The website The Maritime Executive has a story up about an apparently successful bid by Russia to scramble GPS signals in the Black Sea–for reasons unknown:
An apparent mass and blatant, GPS spoofing attack involving over 20 vessels in the Black Sea last month has navigation experts and maritime executives scratching their heads.
The event first came to public notice via a relatively innocuous safety alert from the U.S. Maritime Administration:
“A maritime incident has been reported in the Black Sea in the vicinity of position 44-15.7N, 037-32.9E on June 22, 2017 at 0710 GMT. This incident has not been confirmed. The nature of the incident is reported as GPS interference. Exercise caution when transiting this area.”
But the backstory is way more interesting and disturbing. On June 22 a vessel reported to the U.S. Coast Guard Navigation Center:
“GPS equipment unable to obtain GPS signal intermittently since nearing coast of Novorossiysk, Russia. Now displays HDOP 0.8 accuracy within 100m, but given location is actually 25 nautical miles off; GPS display…”
After confirming that there were no anomalies with GPS signals, space weather or tests on-going, the Coast Guard advised the master that GPS accuracy in his area should be three meters and advised him to check his software updates.
The master replied:
“Thank you for your below answer, nevertheless I confirm my GPS equipment is fine.
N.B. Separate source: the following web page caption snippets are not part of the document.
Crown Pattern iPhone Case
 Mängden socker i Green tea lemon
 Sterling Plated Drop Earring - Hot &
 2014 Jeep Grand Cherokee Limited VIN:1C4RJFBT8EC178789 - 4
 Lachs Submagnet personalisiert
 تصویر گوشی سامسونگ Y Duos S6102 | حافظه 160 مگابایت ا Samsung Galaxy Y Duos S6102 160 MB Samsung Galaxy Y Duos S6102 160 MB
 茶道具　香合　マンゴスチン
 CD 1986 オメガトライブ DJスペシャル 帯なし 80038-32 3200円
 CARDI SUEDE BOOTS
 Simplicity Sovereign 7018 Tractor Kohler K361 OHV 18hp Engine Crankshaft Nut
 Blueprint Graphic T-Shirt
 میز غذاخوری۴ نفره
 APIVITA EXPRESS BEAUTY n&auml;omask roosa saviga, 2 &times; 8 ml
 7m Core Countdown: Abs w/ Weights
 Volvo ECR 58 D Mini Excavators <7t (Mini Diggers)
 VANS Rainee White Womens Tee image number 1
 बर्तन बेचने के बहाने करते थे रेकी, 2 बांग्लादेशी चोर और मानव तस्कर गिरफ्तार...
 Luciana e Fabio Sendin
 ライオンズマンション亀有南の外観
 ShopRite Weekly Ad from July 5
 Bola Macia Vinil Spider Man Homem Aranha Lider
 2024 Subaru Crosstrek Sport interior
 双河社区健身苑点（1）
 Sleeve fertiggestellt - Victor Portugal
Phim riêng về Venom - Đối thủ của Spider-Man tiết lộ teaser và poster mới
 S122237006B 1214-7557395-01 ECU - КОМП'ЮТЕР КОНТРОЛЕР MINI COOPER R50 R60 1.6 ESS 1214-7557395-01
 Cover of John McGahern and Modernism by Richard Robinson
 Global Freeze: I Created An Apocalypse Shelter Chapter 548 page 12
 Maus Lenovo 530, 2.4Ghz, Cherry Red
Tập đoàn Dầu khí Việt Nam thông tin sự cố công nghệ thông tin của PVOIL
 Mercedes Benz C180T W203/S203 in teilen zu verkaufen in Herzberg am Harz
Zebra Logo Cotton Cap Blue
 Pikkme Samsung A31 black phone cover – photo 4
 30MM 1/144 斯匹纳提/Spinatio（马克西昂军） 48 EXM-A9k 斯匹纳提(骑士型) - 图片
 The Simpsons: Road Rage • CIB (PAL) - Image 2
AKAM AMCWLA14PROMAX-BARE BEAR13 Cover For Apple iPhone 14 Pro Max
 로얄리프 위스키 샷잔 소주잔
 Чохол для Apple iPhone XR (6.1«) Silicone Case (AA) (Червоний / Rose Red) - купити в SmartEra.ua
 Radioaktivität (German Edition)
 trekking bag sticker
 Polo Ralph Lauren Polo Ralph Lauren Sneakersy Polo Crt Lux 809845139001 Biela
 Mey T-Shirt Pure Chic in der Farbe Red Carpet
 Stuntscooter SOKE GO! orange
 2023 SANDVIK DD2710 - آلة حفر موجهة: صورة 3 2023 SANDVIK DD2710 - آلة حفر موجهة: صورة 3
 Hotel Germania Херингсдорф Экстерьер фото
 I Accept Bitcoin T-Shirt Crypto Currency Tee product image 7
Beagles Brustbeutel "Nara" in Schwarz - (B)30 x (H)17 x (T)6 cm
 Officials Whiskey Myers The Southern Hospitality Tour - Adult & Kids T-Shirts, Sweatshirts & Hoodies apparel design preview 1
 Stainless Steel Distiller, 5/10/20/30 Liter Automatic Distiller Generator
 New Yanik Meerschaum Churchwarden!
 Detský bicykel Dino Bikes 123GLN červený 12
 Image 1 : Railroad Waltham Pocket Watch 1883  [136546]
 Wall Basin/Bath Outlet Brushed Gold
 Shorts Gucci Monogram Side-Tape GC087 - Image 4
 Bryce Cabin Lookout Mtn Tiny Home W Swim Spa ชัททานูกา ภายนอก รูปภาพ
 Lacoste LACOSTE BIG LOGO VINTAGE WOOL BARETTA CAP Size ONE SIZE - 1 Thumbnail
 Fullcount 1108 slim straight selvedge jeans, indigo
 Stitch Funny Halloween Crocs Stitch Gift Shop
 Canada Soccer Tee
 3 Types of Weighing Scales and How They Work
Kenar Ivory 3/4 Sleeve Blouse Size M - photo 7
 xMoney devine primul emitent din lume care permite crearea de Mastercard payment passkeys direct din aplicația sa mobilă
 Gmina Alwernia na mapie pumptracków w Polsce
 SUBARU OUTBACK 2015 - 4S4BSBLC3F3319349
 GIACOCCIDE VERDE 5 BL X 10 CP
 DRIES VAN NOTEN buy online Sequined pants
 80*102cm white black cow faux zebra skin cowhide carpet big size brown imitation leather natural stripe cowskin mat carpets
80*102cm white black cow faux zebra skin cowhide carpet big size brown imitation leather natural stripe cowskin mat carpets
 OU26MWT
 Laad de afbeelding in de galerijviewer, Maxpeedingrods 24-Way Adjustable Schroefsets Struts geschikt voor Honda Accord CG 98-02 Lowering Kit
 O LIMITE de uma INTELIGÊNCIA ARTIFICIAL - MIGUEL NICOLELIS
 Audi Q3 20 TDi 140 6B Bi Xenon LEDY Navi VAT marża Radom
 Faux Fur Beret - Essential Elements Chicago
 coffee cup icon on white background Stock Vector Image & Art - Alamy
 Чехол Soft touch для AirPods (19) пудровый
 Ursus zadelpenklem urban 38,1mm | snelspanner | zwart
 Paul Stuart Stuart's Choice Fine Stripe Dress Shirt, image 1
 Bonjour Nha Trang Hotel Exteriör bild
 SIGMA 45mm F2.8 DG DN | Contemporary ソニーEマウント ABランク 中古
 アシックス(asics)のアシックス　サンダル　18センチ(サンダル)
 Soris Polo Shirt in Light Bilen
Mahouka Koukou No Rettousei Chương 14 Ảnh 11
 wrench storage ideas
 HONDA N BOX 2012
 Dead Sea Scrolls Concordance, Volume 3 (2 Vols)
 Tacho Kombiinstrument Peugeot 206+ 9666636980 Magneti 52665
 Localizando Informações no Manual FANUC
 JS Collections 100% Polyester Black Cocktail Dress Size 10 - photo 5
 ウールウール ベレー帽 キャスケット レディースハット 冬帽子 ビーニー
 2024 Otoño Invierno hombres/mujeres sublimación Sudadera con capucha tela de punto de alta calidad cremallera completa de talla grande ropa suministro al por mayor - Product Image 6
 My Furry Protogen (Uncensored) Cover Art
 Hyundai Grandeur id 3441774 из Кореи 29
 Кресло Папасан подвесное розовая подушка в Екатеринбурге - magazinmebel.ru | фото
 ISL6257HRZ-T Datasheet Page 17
“We run self test few times and all is working good.
“I confirm all ships in the area (more than 20 ships) have the same problem.”
The article goes on to describe further details of the incident, and to note that hundreds of thousands of cell phone towers in Russia are equipped with GPS jamming devices as a defense against US missiles–and also that Russia has previously jammed GPS signals in Russia and in Ukraine.
Point being, we should not underestimate Russia’s capabilities when it comes to spoofing satellite signals.